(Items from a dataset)

↓↓↓

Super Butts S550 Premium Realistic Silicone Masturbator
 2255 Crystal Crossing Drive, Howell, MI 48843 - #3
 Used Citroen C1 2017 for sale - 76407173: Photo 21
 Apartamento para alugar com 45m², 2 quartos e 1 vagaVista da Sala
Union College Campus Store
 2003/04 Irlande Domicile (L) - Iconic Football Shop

↑↑↑

§ **YOUR INSTRUCTIONS**
Please write out the lines that run from the one with "Union College Campus Store" to the end of the records, both included, exactly as they appear.

§ **SOLVED PROBLEM**
Union College Campus Store
 2003/04 Irlande Domicile (L) - Iconic Football Shop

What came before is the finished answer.